L’attaque du nightclub le Pulse à Orlando, qui a causé la mort de plus de 50 personnes, n’est pas seulement l’attentat terroriste le plus meurtrier aux États-Unis depuis le 11-Septembre, il est aussi plus meurtrier que tous les autres attentats djihadistes sur le sol américain réunis depuis cette date. Toutefois, même si le tireur, Omar Mateen, a prêté allégeance à l’État islamique lors d'un appel de dernière minute au numéro d’urgence de la police (911), cette attaque est loin de s'apparenter à une frappe classique de l’État islamique et il convient de ne pas amalgamer deux types d’événements tout à fait différents.
Les premiers rapports indiquent que Mateen est un loup solitaire, inspiré par l’idéologie d’un groupe terroriste mais sans être sous son contrôle opérationnel.

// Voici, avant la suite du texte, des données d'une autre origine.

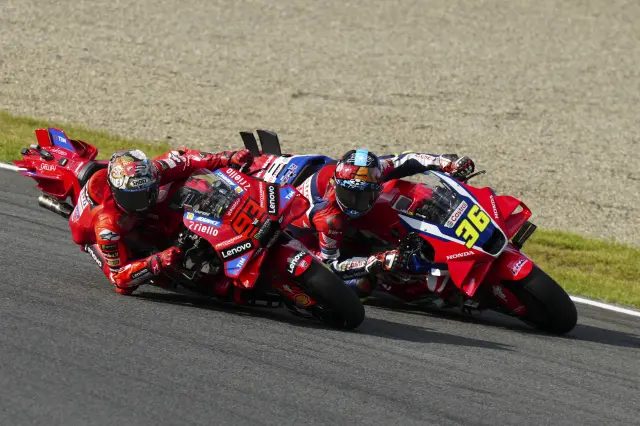 世界最高峰の白熱したレースを楽しめる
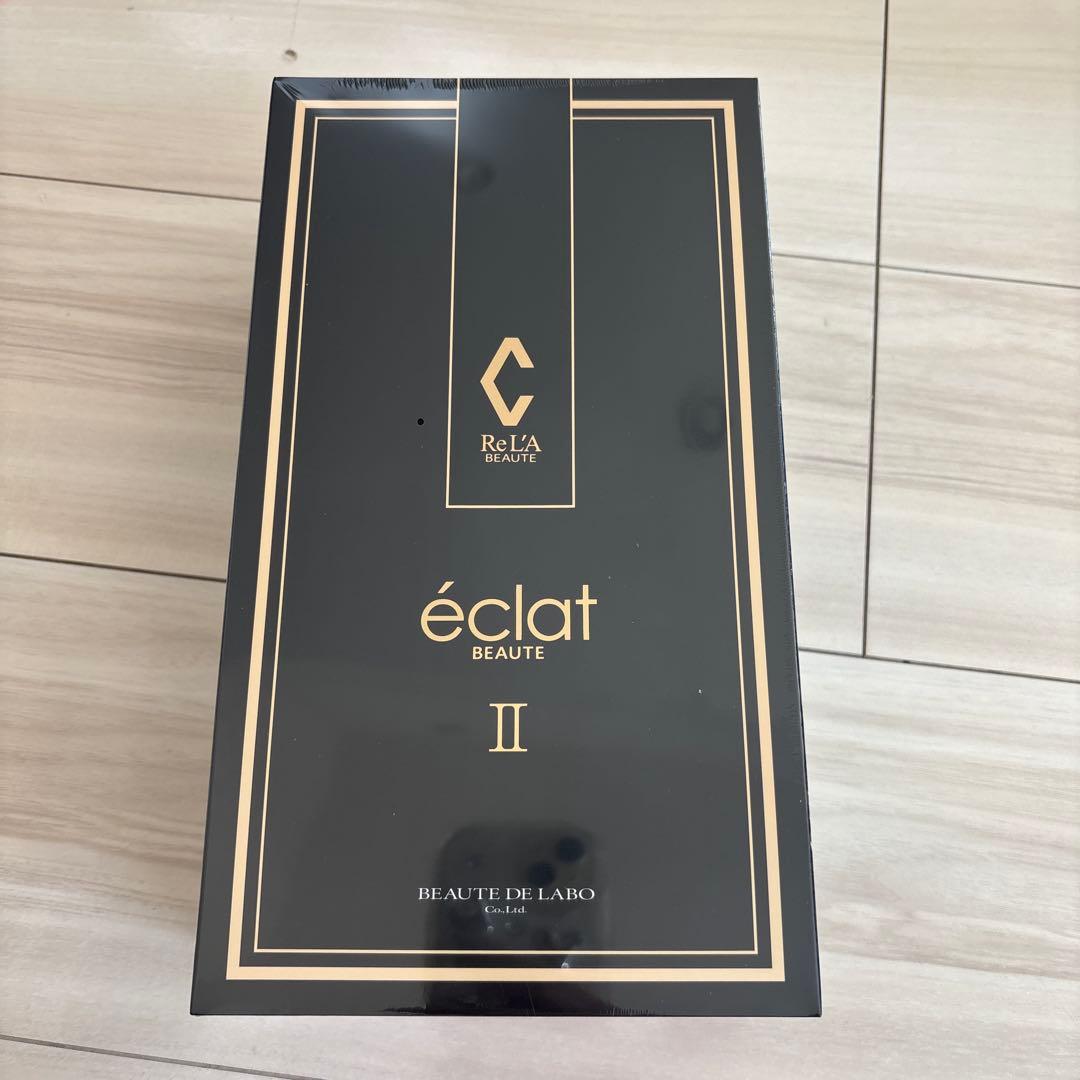 リアボーテ エクラボーテ2ReLa beauté 美顔器 - メルカリ
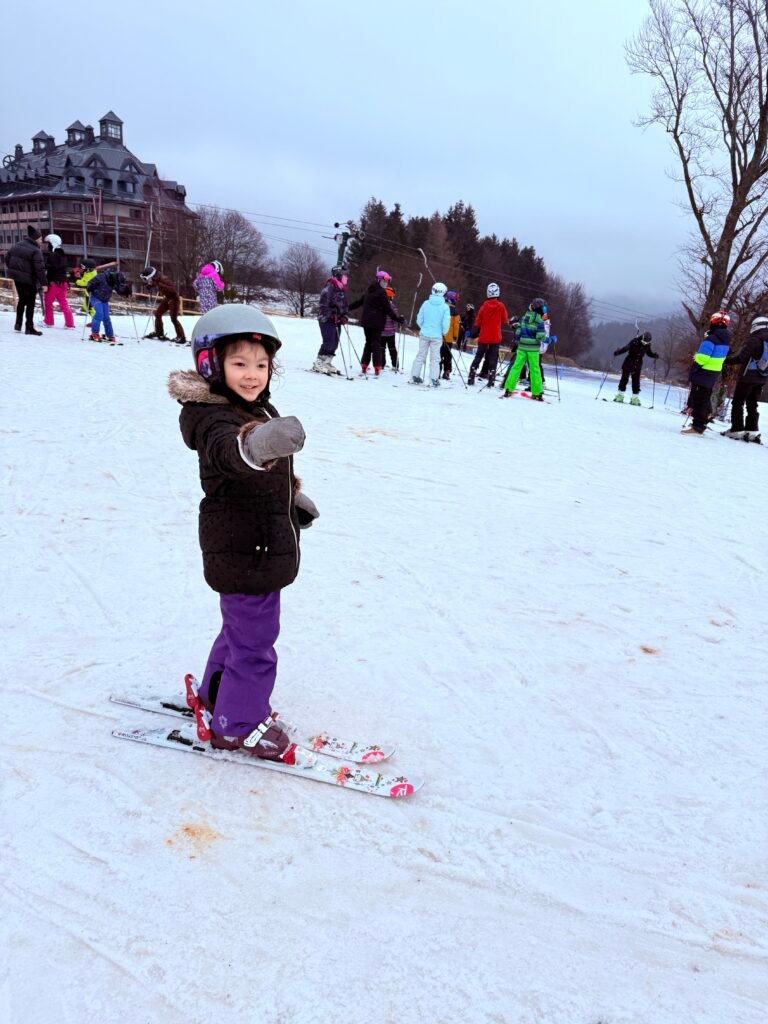【2026最新】不用等聖誕節!10月初就能滑雪,奧地利親子滑雪完整攻略 kid ski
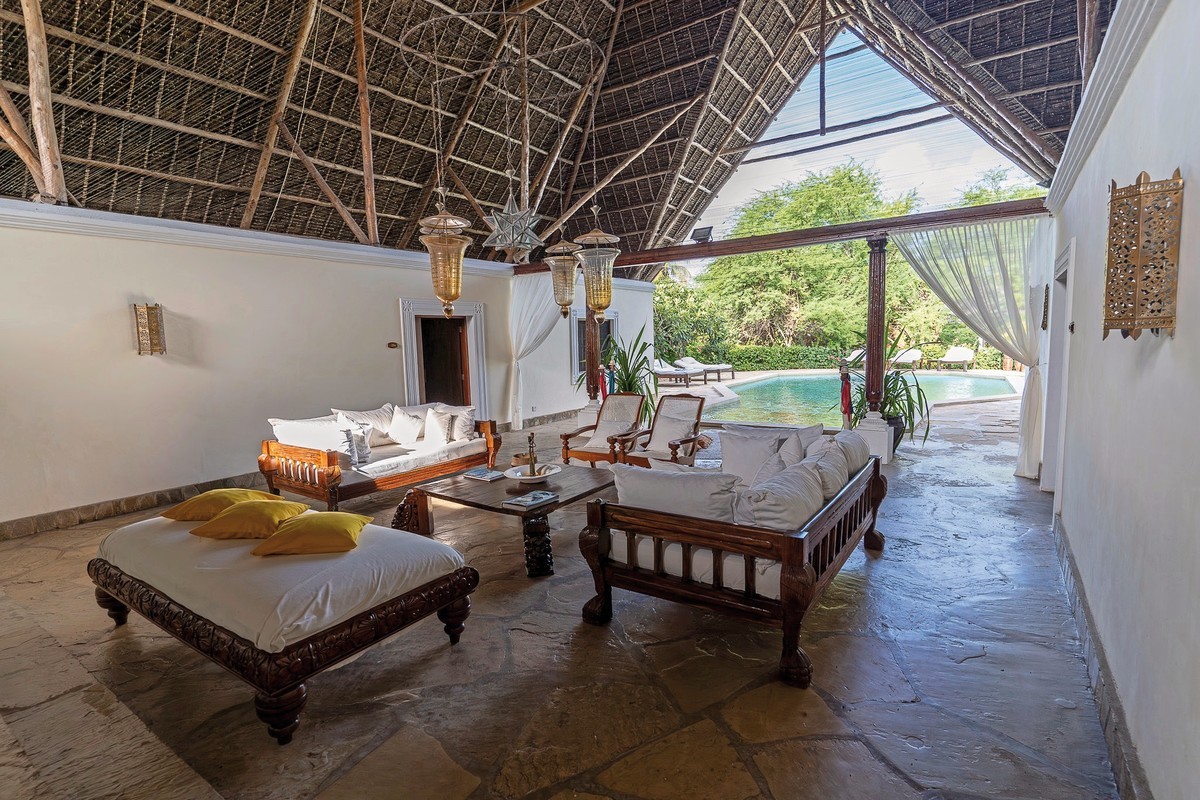 Hotel Lion in the Sun Billionaire Retreat Malindi, Kenia, Malindi, Bild 6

Il est vital de faire la différence entre «inspiré par l’État islamique» et «dirigé par l’État islamique». Les attentats inspirés par l’EI sont plus susceptibles d’être perpétrés en amateur et, en effet, le nombre de victimes d'attaques djihadistes aux États-Unis depuis le 11 Septembre était jusqu'ici heureusement assez bas. L’atroce attaque perpétrée dans la boîte de nuit montre ce dont est capable un loup solitaire muni des bonnes armes, mais lorsque l’EI dirige un attentat, comme il l'a fait à Paris en 2015, les conséquences sont susceptibles d’être encore plus sanglantes.
À Orlando, comme lors de la fusillade de San Bernardino en décembre dernier, l’attentat semble mêler des motifs personnels et une marque de fabrique de l’EI. Les loups solitaires opérant seuls, leurs intentions personnelles se mélangent souvent avec celles du groupe terroriste qu’ils prétendent servir. À San Bernardino, les tueurs ont visé une fête de fin d’année du département de la Santé du comté où travaillait l’un d’entre eux, donc pas franchement un centre névralgique des croisés qui viseraient à dominer le Moyen-Orient.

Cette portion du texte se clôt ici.